Someone like Piers Morgan can reason that there's no Muslim ban because there are lots of Muslim countries that aren't banned, and so everybody just needs to calm the fuck down, because Piers Morgan will never be affected by the ban, and will never know anyone who's affected by it. There are no stakes for him. If the ban were on 7 majority-white countries, with exceptions for racial and ethnic minorities, I suspect Morgan would be able to see that as a ban on white people.
At first blush, then, the argument appears to be that Piers Morgan lacks empathy, which is a common critique made by liberals. While this critique has some truth to it, I believe that this is a faulty and losing argument, mainly because of a fundamentally flawed human understanding of empathy.
empathy - noun - em·pa·thy \ˈem-pə-thē\ : the action of understanding, being aware of, being sensitive to, and vicariously experiencing the feelings, thoughts, and experience of another of either the past or present without having the feelings, thoughts, and experience fully communicated in an objectively explicit manner; also : the capacity for thisTo most people, empathy is about feelings, which does two things to your argument. It first marginalizes it as non-factual, and second, makes your opponent feel attacked as unfeeling or inhuman, notions that almost every human reflexively resists seeing in themselves.
In reality, though, it is the empathic argument that is the more logical, and the non-empathetic one that is emotional. Piers Morgan (assuming his ignorance were honest) is unable to see the Muslim ban for what it is for two reasons. The first is that he lacks the experiential wisdom to see it, as I indicated before. If this were a white people ban, he would see it. Morgan's emotional attachment to his own experiences and point of view blinds him to the logical conclusion that this is, in fact, a Muslim ban.

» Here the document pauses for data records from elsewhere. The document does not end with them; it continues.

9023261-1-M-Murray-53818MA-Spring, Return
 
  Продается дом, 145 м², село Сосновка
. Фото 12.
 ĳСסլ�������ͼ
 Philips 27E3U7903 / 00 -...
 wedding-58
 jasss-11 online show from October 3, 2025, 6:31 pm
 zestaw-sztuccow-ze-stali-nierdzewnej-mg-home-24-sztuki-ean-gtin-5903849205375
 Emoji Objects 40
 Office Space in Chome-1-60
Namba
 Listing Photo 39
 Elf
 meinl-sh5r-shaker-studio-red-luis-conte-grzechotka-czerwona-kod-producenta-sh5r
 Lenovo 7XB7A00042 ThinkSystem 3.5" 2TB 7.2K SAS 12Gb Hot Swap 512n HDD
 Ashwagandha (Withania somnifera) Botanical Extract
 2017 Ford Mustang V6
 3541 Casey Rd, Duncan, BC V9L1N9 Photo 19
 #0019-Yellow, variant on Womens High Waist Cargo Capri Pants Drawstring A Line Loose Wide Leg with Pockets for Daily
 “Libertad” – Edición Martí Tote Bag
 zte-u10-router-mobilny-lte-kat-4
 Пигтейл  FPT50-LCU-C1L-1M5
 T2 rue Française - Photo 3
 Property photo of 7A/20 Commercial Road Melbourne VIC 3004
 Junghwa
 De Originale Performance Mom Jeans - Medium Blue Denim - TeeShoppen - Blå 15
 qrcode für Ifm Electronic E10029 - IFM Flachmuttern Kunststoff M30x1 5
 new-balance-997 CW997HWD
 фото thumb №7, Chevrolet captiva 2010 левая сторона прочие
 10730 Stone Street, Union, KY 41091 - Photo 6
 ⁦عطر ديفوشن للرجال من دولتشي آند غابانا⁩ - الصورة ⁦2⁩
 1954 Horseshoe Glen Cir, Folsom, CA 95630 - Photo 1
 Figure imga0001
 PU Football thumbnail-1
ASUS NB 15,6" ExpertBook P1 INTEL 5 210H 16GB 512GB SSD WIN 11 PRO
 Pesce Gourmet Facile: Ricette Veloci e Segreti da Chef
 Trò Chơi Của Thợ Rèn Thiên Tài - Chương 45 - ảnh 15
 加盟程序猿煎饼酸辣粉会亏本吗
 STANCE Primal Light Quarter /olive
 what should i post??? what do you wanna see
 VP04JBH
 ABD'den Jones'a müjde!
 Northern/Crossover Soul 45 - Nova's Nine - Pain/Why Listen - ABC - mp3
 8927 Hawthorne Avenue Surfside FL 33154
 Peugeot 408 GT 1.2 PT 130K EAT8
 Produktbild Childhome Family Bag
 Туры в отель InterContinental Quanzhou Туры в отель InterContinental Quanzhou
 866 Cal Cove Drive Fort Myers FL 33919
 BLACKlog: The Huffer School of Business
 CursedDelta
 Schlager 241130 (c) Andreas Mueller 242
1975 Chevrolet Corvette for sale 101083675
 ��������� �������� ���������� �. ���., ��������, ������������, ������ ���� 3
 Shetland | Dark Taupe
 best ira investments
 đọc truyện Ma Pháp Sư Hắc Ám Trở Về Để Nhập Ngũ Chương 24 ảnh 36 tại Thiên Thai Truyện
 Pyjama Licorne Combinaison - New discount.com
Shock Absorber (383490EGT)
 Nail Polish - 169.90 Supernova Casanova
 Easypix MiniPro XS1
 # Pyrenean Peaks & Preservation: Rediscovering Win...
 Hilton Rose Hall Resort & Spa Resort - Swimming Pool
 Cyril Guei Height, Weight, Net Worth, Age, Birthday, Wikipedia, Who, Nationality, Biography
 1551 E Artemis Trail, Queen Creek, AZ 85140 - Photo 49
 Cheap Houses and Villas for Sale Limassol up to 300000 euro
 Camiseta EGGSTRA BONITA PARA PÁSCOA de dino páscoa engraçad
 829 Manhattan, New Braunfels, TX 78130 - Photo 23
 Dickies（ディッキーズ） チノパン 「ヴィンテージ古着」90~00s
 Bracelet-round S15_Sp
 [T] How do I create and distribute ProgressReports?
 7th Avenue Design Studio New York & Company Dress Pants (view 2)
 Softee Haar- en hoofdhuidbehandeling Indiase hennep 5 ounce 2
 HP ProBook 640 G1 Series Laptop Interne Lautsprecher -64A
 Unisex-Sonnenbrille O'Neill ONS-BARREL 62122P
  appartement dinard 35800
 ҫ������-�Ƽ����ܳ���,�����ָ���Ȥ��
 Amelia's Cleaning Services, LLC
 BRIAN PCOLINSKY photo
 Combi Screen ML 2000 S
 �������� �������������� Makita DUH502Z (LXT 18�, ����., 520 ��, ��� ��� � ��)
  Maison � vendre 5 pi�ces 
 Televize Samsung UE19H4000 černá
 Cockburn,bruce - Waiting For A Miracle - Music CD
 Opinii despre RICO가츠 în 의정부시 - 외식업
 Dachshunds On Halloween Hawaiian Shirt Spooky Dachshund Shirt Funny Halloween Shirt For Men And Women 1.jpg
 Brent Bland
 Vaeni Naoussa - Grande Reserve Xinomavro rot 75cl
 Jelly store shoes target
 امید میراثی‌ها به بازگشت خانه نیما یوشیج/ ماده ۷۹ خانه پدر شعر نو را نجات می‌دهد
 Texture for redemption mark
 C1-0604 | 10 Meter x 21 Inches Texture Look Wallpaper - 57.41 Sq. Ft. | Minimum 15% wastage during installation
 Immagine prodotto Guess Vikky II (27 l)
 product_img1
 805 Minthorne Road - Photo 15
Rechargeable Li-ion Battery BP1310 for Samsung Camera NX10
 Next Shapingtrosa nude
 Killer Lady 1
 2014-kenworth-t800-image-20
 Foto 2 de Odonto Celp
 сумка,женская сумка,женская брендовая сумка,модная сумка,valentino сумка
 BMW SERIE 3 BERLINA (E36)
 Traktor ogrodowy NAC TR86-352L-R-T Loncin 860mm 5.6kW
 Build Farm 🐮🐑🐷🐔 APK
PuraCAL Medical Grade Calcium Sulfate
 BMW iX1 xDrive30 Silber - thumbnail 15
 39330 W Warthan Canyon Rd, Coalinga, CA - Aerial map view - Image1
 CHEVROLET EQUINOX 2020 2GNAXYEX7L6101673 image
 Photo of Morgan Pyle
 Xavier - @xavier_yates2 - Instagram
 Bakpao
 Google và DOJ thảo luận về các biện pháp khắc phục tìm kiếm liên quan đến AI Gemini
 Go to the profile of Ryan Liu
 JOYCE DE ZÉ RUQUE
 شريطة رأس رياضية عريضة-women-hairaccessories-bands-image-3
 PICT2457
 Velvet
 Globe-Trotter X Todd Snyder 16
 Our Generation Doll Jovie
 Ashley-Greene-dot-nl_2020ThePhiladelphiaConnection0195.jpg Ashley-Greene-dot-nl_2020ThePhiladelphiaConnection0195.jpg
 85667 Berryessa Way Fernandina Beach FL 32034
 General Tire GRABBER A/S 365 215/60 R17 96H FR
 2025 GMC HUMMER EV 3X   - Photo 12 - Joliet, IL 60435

The second reason is that he, and other Trump apologists, have emotional incentives not to see it. For some, it's attraction to Trump's gaudy projection of success, for many others (like media types who help to normalize him), it is a fear of deviating from the status quo. To recognize Trump as a monster is more frightening than to report dispassionately on partisan rancor over his fangs and talons.
Empathy is, in fact, a logical and rational phenomenon, and the lack of it is not. That this is so poorly understood means we ought to abandon "empathy" as a trait to be discussed in politics. Nobody thinks they, themselves, lack it, and those who choose not to act on it do so because they believe it is irrational. Telling these people to have empathy will never produce results, because they already think they have it, and are better off ignoring it.
So I don't think Piers Morgan's problem is a lack of empathy, it is a defect in logic caused by his own emotional attachment to norms. And because he won The Apprentice.